Limited as the powers of the Assembly are, there is a further constriction on the institution’s remit. The devolution of even limited power is moreover, conditional on a sufficiency of consensus among the members of the ‘Big House’. Evidence to date suggests that consensus is in short supply. An interminable and predictable wrangle over flags and emblems will eventually be resolved by an edict from the Secretary of State. A similar form of conflict resolution will see London decide how to deliver the recommendations of the Patten Report. The list of important decisions made in Downing Street will increase.

Whether there will ever be sufficient agreement to make the Assembly (or indeed the Six-County state) work is open to serious question. Two current examples of contention within the unionist family indicate that a substantial section of that community shall not be easily reconciled to consensus under any circumstances.

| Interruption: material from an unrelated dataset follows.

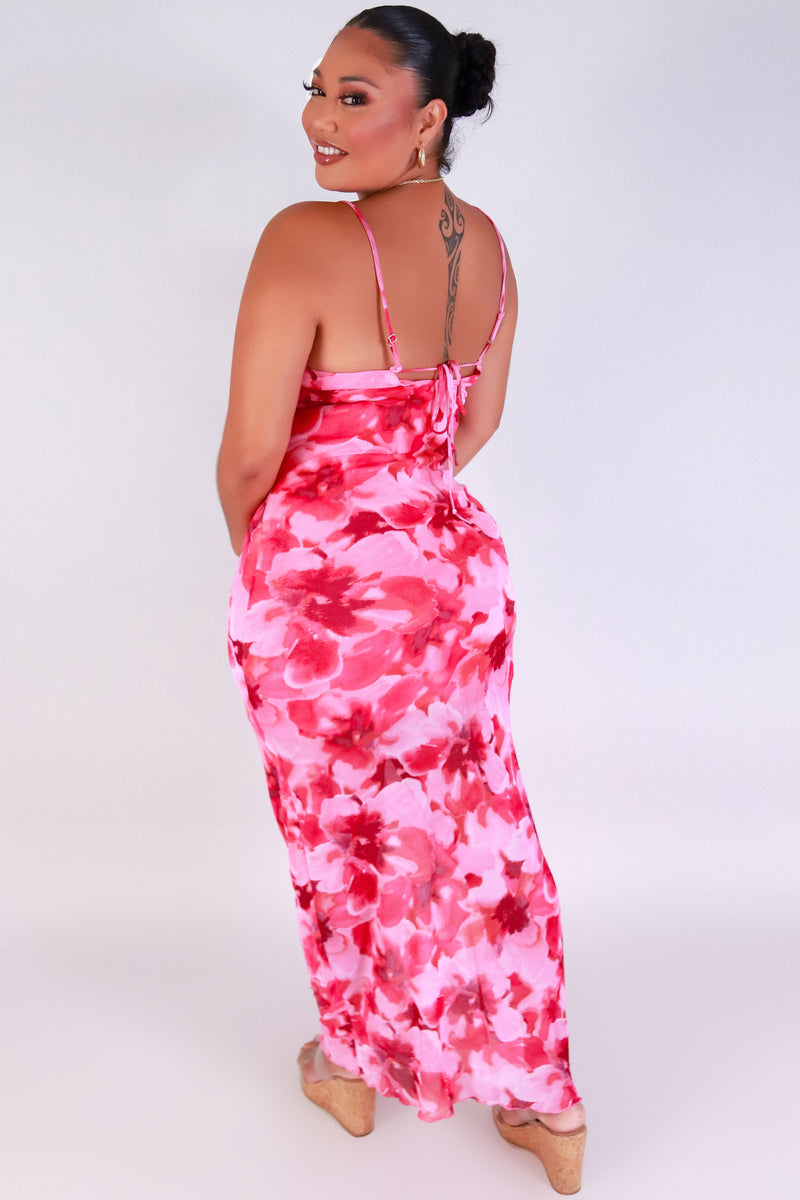 Jeans Warehouse Hawaii - PLUS PLUS KNIT PRINT DRESES - SHEER FLOW MAXI DRESS | By PERSAYA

In one instance there is the election for the traditional unionist seat of South Antrim. The contest was effectively one between William McCrea of the DUP and David Burnside of the UUP. To see any measurable difference between the politics of the pair was in itself a minor conundrum. They are both right-wing, reactionary unionists who have been uncomfortably close to armed loyalism in the past. In a constituency where even a three way split in the unionist vote would not have returned a republican, the unionist electorate opted to make a choice between an ultra right-wing hick and a right-wing slick - and elected the former. This is not evidence of a desire for consensus government.

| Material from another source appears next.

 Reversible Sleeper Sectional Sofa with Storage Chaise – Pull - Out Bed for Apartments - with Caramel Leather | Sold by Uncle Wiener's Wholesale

The other intra-unionist conflict is bloodier but no less indica-tive of certain unionist feelings. The loyalist feud is more than a struggle for control of drugs and territory. It is a battle for hegemony within that particular unionist constituency which believed in and conducted the unofficial war to preserve the Union.

In brief, the PUP/UVF leadership believes that with the Good Friday Agreement securing the Union and a Provo cease-fire, it is wise to afford some place to republicans and nationalists within the Six-county state. On the other hand, influential elements within the UDA/LVF feel that a secured Union and Provo surrender should be the signal for a restoration of the status quo ante bellum.

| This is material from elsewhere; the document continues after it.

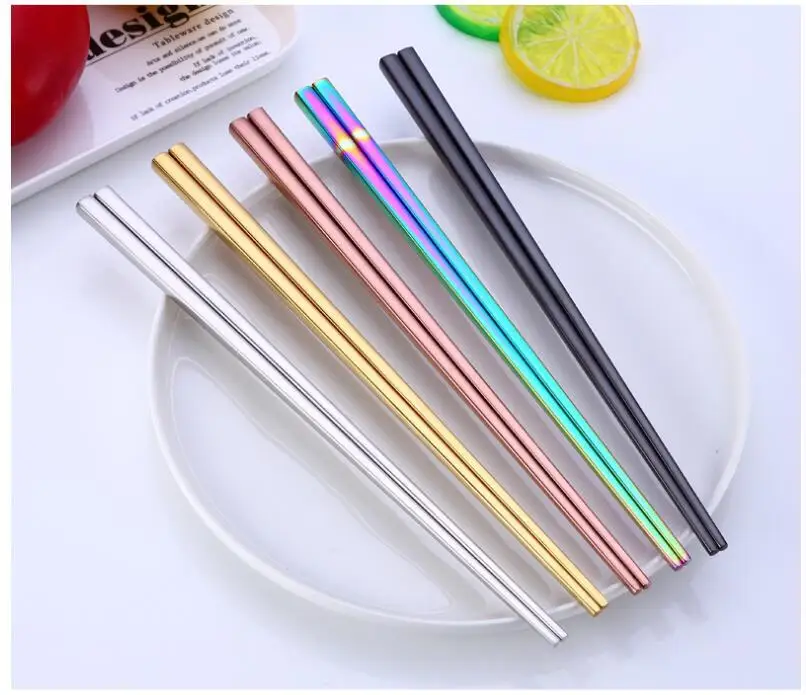 

100pair Reusable Rainbow 304 Stainless Steel Tableware Chopsticks Chinese Dinnerware Non-slip Food Chop Sticks Kitchen Tools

A significant aspect of the feud is why the PUP leadership feels it is necessary to side with the UVF. Given its support for the state, could the party not have demanded that the state deal with their UDA opponents? This is precisely what the UUP or DUP would have done if attacked by Adair et al. Consequently, there remains the very frightening spectre that more enlightened loyalists are reconciled to the reality that too many working-class unionists are still attracted to the mind-set that produced Lenny Murphy and the Dublin/Monaghan bombers. If this constituency was numerically irrelevant the PUP could ignore it.

These tendencies within unionism will prevent any meaningful and long-term accommodation in the North of Ireland. The question is whether this will lead to the collapse of the northern state or whether all meaningful decisions will be made in London while Stormont remains a purely ceremonial structure. In the short term it appears that the more likely outcome is the latter.

Something best described perhaps as devolution of pomp rather than of power.